No es casual que Abelardo de la Espriella haya afirmado que no gobernará para los partidos ni construirá compromisos con ellos, sino con los ciudadanos. Más allá de si esa promesa puede cumplirse plenamente en la práctica, el mensaje encontró eco en una ciudadanía cansada de las negociaciones burocráticas y de los acuerdos construidos entre élites políticas.
Quizás la pregunta más importante que deja esta elección es si los partidos siguen siendo verdaderos instrumentos de representación ciudadana o si, para muchos colombianos, se han convertido en empresas políticas. Organizaciones que, independientemente de la ideología que proclamen, parecen concentrar buena parte de sus esfuerzos en conservar espacios de poder, mantener cuotas burocráticas y garantizar su participación en el gobierno de turno.

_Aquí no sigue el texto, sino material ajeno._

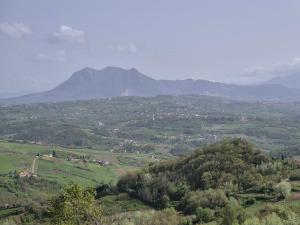 a view of a valley with mountains in the distance at Masseria Marotta Appartamento in Santa Paolina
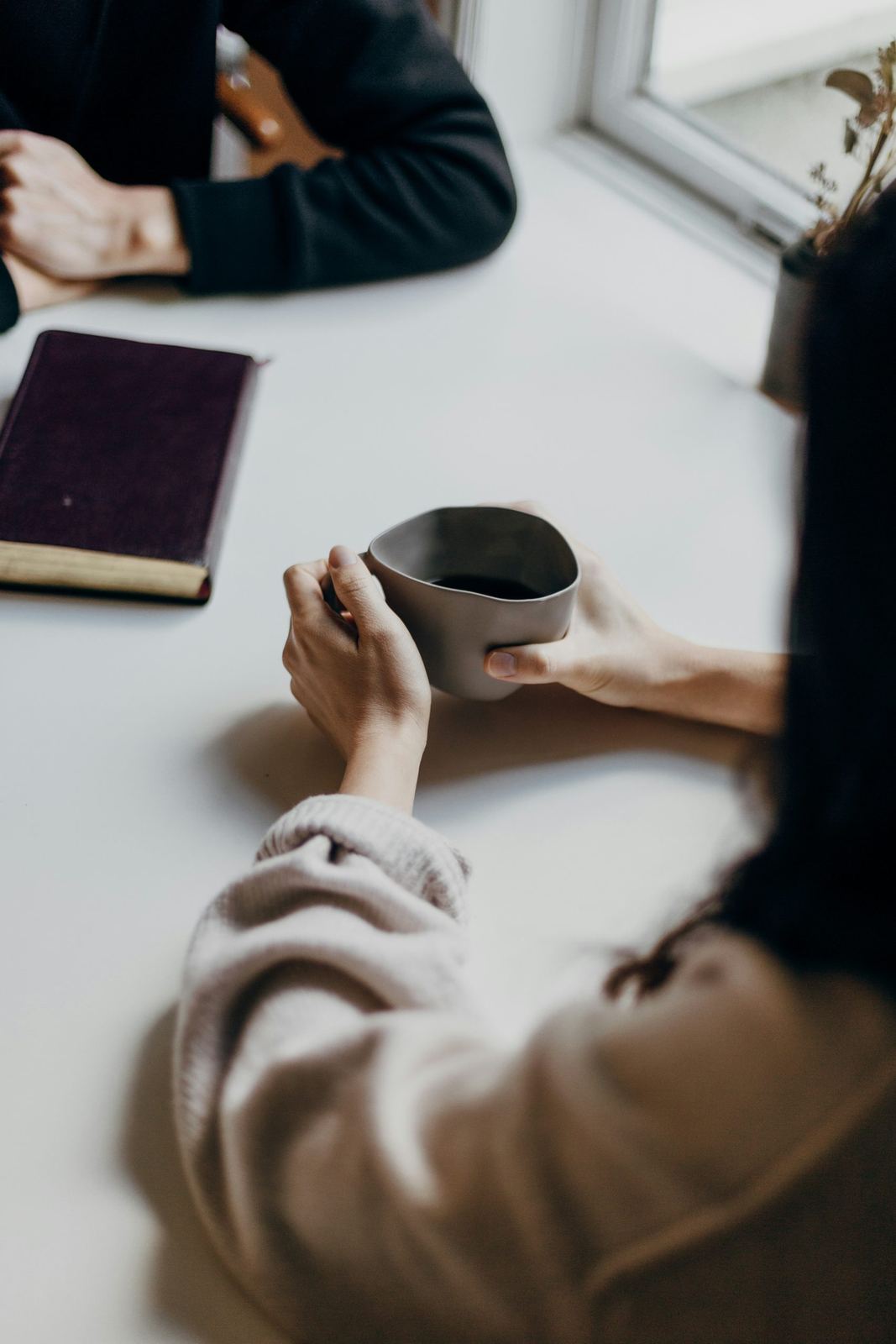 An image of a woman holding a mug of a warm drink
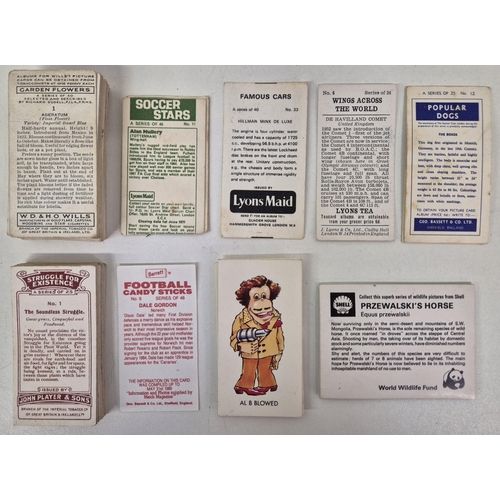 602 - A large collection of tea cards, together with a smaller selection of cigarette cards & other collec... 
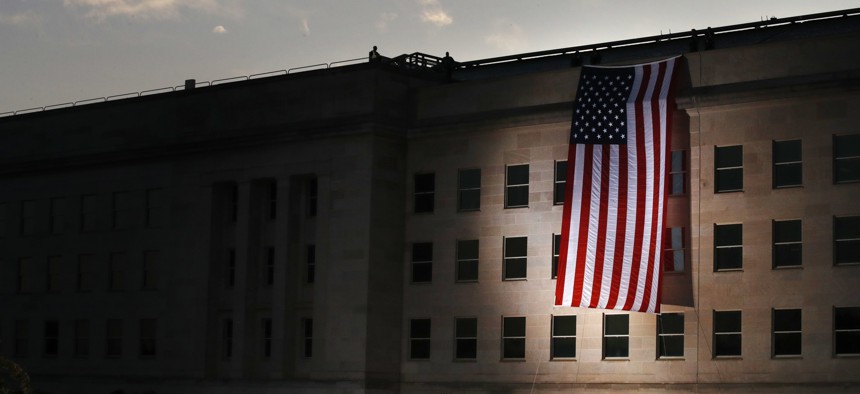 In this file photo, a U.S. flag is unfurled at sunrise at the Pentagon on the 16th anniversary of the September 11th attacks, in 2017.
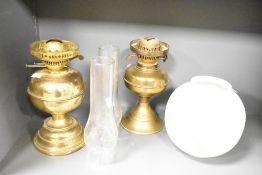Two late 19th to early 20th-century duplex brass oil lamps, both having glass chimneys; sold with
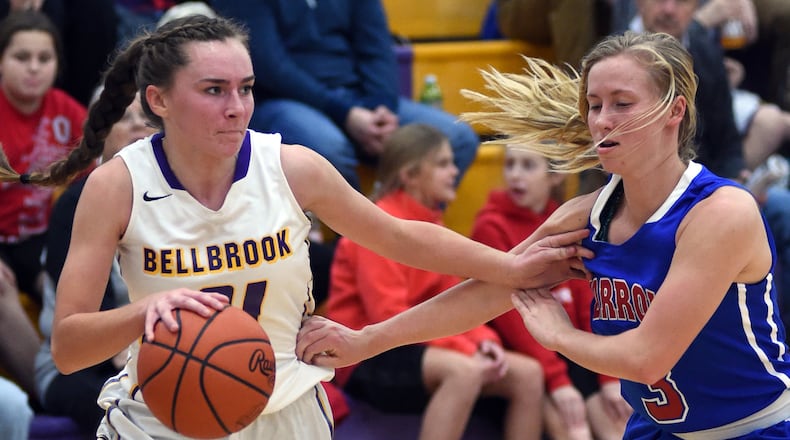 Bellbrook’s Cassidey Hofacker (left) is checked by Carroll’s Morgan King. NICK FALZERANO / CONTRIBUTED PHOTO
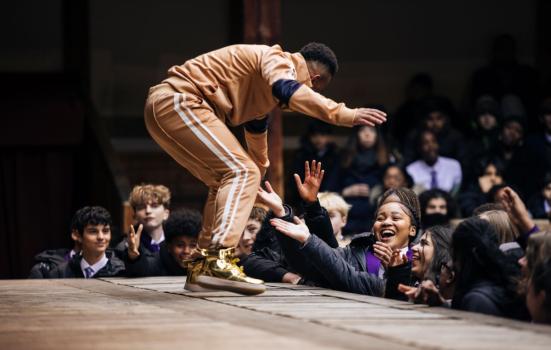 Actor on a thrust stage performing to young people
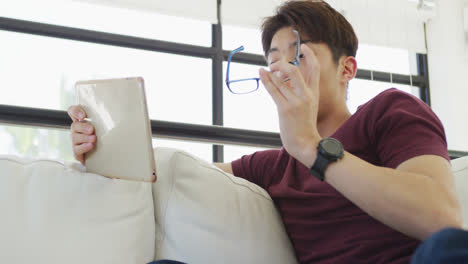 Asiatischer-Männlicher-Teenager-Trägt-Eine-Brille-Und-Benutzt-Ein-Tablet-Im-Wohnzimmer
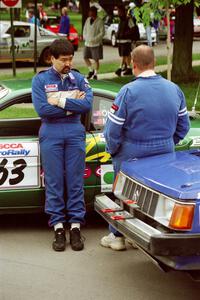 Tad Ohtake and Mark Utecht converse at parc expose before the rally.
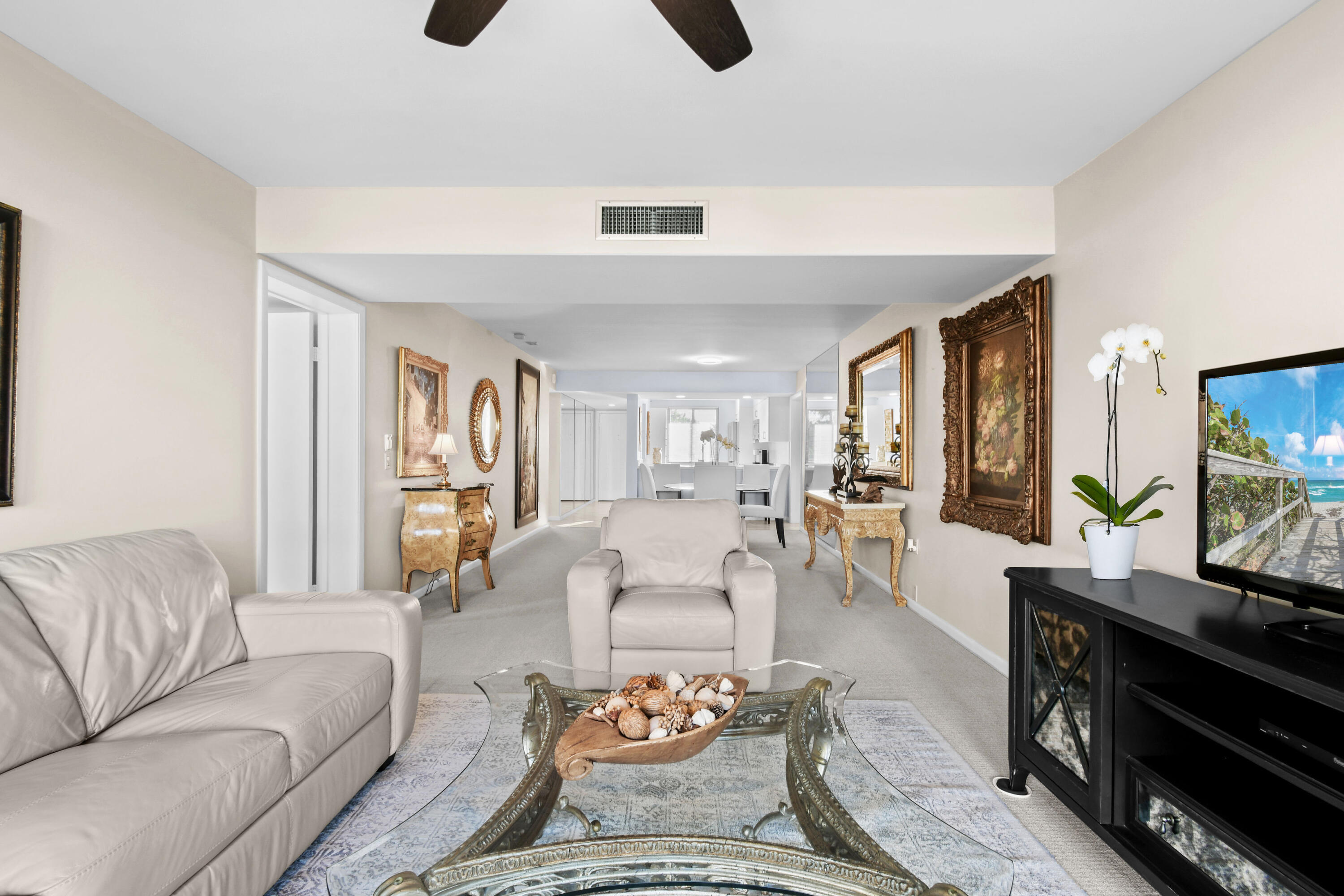Furnished living room with pale leather seating, ornate glass coffee table, and framed artwork.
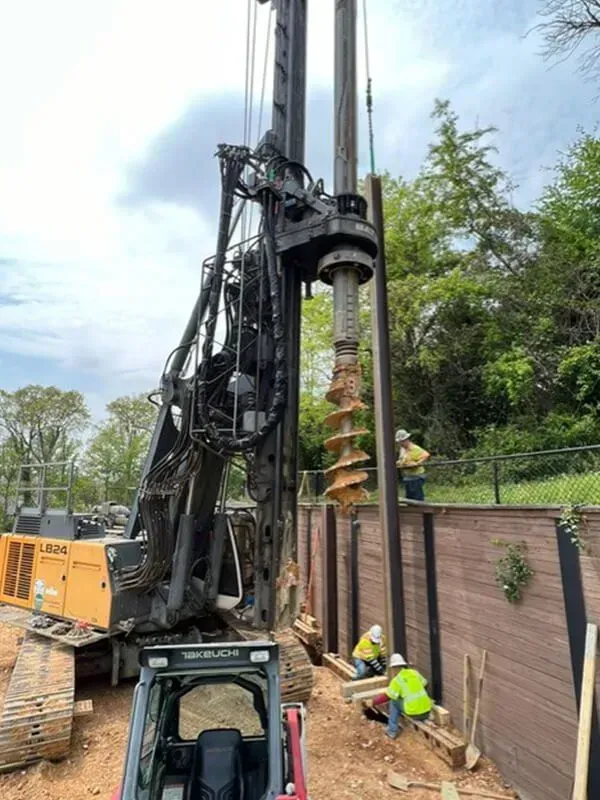 Large drilling machine excavating near a retaining wall, workers in helmets nearby, cloudy day.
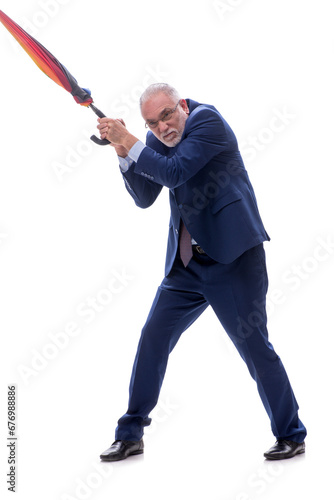 Old businessman holding an umbrella isolated on white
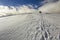 Wide view on the snowy hill with footprints and far away hiker walking up with backpack in the mountains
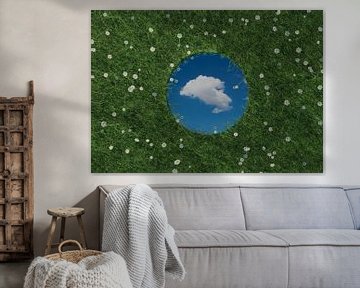 Round mirror reflects white single cloud and lies on green meadow surrounded by daisies by Besa Art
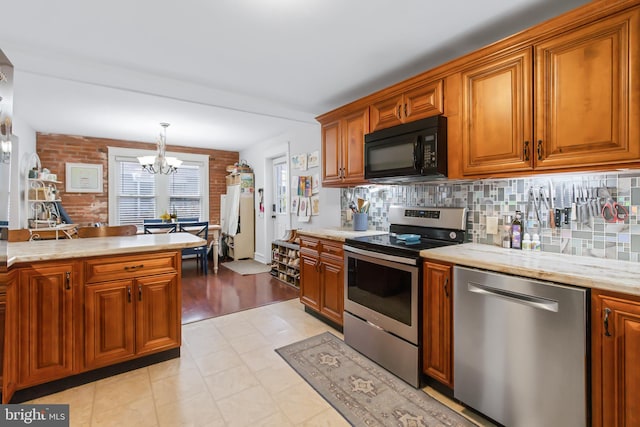 kitchen featuring appliances with stainless steel finishes, backsplash, light hardwood / wood-style flooring, a notable chandelier, and pendant lighting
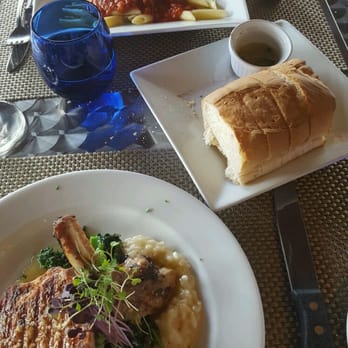 Amici Ristorante - Pork chop special with risotto and chicken parm. - Italian Near Me - Kenmore, New York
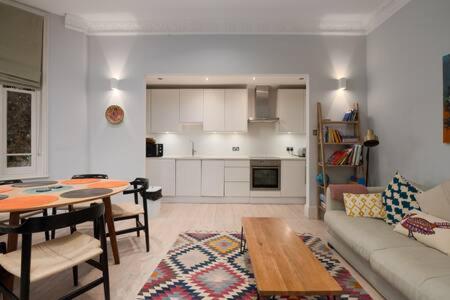 een woonkamer met een bank en een tafel en een keuken bij Trendy Hampstead Flat RH7 in Londen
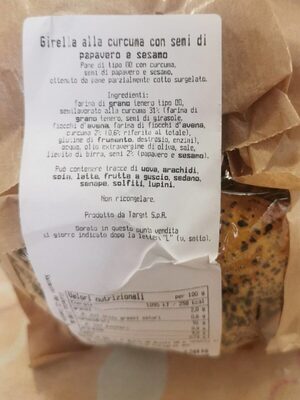 Girella alla curcuma con segni di papavero e sesamo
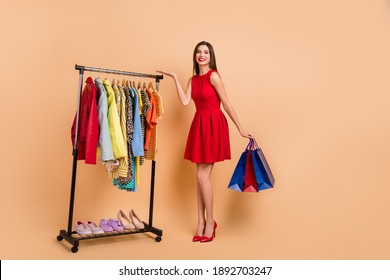 Full length photo of pretty girl hold hand display botique assortment hold bags wear red dress isolated on beige color background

Por eso, mientras los ciudadanos definieron en las urnas quiénes continúan en la carrera presidencial, los partidos comenzaron inmediatamente a mover sus fichas para acercarse a uno u otro candidato. Lo harán con Iván Cepeda si la izquierda se impone y lo harán con Abelardo de la Espriella si triunfa la derecha. Su objetivo será el mismo: preservar influencia y seguir siendo actores relevantes dentro del próximo gobierno.
Sin embargo, esta elección también demostró que el poder de esas estructuras ya no es el de antes. El ciudadano está votando cada vez menos por el color de una bandera política y cada vez más por quien considera capaz de interpretar sus necesidades, sus frustraciones y sus expectativas de cambio.
La votación de Abelardo es una muestra de ese fenómeno. Su crecimiento electoral estuvo ligado, en buena medida, a una conexión directa con sectores de la población que sienten que los partidos dejaron de representarlos. Del mismo modo, Iván Cepeda logró consolidar un respaldo importante alrededor de una propuesta política que conecta con otro segmento significativo del país.
Lo que está ocurriendo en Colombia no es solamente una disputa entre izquierda y derecha. Es una transformación de la relación entre los ciudadanos y las organizaciones políticas tradicionales. Los colombianos parecen estar enviando un mensaje claro: quieren ser escuchados directamente y no a través de intermediarios que, en muchos casos, han perdido legitimidad.
La verdadera derrota de esta elección no fue únicamente la de los candidatos que quedaron en el camino. Fue la de los partidos políticos que durante años hablaron en nombre de los ciudadanos y que hoy descubren que los ciudadanos han decidido hablar por sí mismos.